Continuous-capture data protection: Questions to ask before you talk to the vendors

Continuous-capture, or journaling, data protection is a new backup/recovery paradigm. It offers a level of data protection and availability that was unimagined a few years ago except by the handful of dreamers who were making prototypes of it.

If you haven't encountered this concept yet, here it is in a nutshell: Changes to a primary disk volume are detected as they happen, and those changes are immediately replicated to a second device. Replication is typically asynchronous, so the data protection process doesn't slow down payload processes such as your e-mail or CRM systems. The trick is that the changes aren't merely applied to the second device as a mirror copy. Instead, they are journaled, stored sequentially, so that every version that any stored object passed through can be recovered. Since the other device is a disk array, recovery can be very fast. Many types of recovery are nearly instantaneous.

The best feature of the continuous-capture paradigm may be its reliability rather than its fine granularity of backup resolution or its speed of recovery. Unlike notoriously finicky networked backup systems, which tend to be vulnerable to every sort of human error and every variation in the schedules and behavior of the servers they are meant to protect, journaling systems are hard to break. Data capture happens all the time, and because new changes don't overwrite the old ones (at least not for a long time), even if something does happen to the capture process, every change right up to the point of failure is already safe. Once the capture system is installed, the process runs without human intervention until a recovery is needed, so there's little opportunity for human error.
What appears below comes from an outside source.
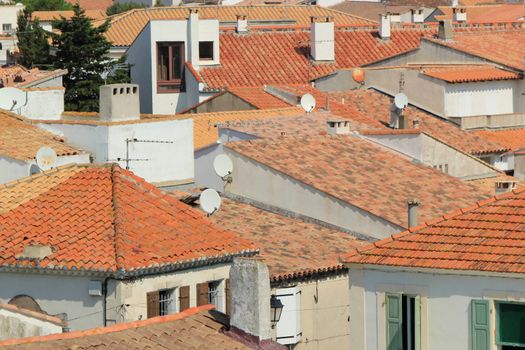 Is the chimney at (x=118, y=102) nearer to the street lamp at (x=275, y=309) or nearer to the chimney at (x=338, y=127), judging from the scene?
the chimney at (x=338, y=127)

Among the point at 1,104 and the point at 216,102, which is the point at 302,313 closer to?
the point at 1,104

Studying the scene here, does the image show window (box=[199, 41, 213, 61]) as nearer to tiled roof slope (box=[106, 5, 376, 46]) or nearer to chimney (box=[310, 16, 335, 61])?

Operational costs can be really low because of this as well.

Why wasn't backup always like this? The base technologies that continuous-capture systems employ have been understood for a long time, but in order to make deployment practical, a number of supporting technologies had to mature first. Huge low-cost disk arrays are the most obvious and arguably the main enabler. These big, cheap disks are certainly the trigger that led to six vendors announcing products in 2003. But other trends, such as affordable storage networking, disk virtualization and reliable open driver architectures, all contributed too. Regardless of how it evolved, continuous data protection is with us now.

As when any new technology makes its debut, potential purchasers may be left scratching their heads. Last year's service-level agreements for backup and recovery were probably based on the presumption that only so much was possible -- and "so much" generally meant that the maximum backup frequency was daily and the minimum recovery time was measured in hours. Replication-based technologies that promised some form of rapid recovery were reserved for the most critical of applications, largely because of their high cost.

All those assumptions are out the window now. In short, you need to recalibrate your yardsticks, because data protection service levels you thought cost $1 million per terabyte can now be matched, or nearly so, for much less. Here are five questions to consider before buying a data protection technology:

1. What's my definition of a "critical" system?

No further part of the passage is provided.